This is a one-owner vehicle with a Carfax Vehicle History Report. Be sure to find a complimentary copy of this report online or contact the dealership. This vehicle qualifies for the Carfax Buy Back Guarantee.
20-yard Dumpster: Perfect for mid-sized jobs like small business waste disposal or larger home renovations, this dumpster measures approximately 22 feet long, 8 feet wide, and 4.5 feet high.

• • • •

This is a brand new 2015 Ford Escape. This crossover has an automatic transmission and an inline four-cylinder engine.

• • • •

What you have to do:
Word for word, restate the lines of the data above that fall between the line holding "This is a one-owner" and the line holding "20-yard Dumpster: Perfect", inclusive, and no other lines.

Answer space:
This is a one-owner vehicle with a Carfax Vehicle History Report. Be sure to find a complimentary copy of this report online or contact the dealership. This vehicle qualifies for the Carfax Buy Back Guarantee.
20-yard Dumpster: Perfect for mid-sized jobs like small business waste disposal or larger home renovations, this dumpster measures approximately 22 feet long, 8 feet wide, and 4.5 feet high.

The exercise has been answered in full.